EXERCISE
Starting with the line containing "Photo of Online" and going on through the line containing "A frustrated man", return the lines of the data below exactly, and only those.

TASK DATA

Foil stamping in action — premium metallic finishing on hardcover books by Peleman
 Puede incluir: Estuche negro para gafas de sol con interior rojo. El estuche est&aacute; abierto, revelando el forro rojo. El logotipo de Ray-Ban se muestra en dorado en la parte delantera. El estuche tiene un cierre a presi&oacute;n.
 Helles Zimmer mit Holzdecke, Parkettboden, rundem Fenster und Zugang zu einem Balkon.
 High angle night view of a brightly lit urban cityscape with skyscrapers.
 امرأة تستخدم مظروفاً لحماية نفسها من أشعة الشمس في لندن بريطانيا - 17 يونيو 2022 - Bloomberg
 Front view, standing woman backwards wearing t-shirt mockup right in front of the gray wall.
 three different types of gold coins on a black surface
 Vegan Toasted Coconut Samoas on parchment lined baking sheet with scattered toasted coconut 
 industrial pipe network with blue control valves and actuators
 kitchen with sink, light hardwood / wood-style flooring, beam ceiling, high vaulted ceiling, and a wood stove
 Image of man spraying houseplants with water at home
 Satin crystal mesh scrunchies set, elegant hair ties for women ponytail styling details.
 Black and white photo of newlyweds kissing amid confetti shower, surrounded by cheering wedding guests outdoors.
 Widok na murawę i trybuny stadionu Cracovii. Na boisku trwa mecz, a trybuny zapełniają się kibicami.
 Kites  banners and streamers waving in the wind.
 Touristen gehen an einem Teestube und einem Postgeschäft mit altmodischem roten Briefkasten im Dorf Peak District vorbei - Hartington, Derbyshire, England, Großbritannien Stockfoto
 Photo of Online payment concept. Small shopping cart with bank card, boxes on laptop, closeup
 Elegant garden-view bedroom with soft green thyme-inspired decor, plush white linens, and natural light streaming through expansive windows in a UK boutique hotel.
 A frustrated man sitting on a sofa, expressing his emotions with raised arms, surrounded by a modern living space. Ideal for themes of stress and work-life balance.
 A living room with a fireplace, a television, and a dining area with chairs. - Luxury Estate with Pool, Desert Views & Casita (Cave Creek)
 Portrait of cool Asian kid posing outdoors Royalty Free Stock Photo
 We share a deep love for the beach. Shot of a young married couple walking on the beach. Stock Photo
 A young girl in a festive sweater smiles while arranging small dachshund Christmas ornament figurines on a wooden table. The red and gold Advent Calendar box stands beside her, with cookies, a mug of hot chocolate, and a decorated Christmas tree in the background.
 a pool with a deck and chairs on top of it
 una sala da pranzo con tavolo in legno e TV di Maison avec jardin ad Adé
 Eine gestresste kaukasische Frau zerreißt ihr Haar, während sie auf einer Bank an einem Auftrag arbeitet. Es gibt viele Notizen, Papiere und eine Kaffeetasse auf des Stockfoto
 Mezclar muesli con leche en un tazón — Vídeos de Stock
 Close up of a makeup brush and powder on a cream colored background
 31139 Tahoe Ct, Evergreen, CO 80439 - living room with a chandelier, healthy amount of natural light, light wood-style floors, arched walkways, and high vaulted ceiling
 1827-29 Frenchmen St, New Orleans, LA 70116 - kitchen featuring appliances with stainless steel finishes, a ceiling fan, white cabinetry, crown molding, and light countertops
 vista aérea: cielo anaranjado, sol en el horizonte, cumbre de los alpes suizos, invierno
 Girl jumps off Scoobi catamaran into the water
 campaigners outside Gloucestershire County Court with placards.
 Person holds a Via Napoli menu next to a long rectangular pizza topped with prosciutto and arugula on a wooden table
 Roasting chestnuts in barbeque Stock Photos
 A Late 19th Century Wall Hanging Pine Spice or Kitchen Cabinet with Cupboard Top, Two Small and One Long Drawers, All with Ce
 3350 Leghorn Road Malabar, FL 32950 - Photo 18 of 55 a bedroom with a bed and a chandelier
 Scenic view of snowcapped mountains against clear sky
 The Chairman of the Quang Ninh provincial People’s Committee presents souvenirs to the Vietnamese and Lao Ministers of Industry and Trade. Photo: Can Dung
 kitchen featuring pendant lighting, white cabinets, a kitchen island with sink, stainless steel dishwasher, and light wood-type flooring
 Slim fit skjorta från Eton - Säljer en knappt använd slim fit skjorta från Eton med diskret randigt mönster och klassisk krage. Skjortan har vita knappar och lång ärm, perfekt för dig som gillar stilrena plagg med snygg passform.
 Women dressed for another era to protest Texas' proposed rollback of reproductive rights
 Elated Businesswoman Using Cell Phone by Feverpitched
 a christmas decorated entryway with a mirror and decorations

TASK ANSWER
 Photo of Online payment concept. Small shopping cart with bank card, boxes on laptop, closeup
 Elegant garden-view bedroom with soft green thyme-inspired decor, plush white linens, and natural light streaming through expansive windows in a UK boutique hotel.
 A frustrated man sitting on a sofa, expressing his emotions with raised arms, surrounded by a modern living space. Ideal for themes of stress and work-life balance.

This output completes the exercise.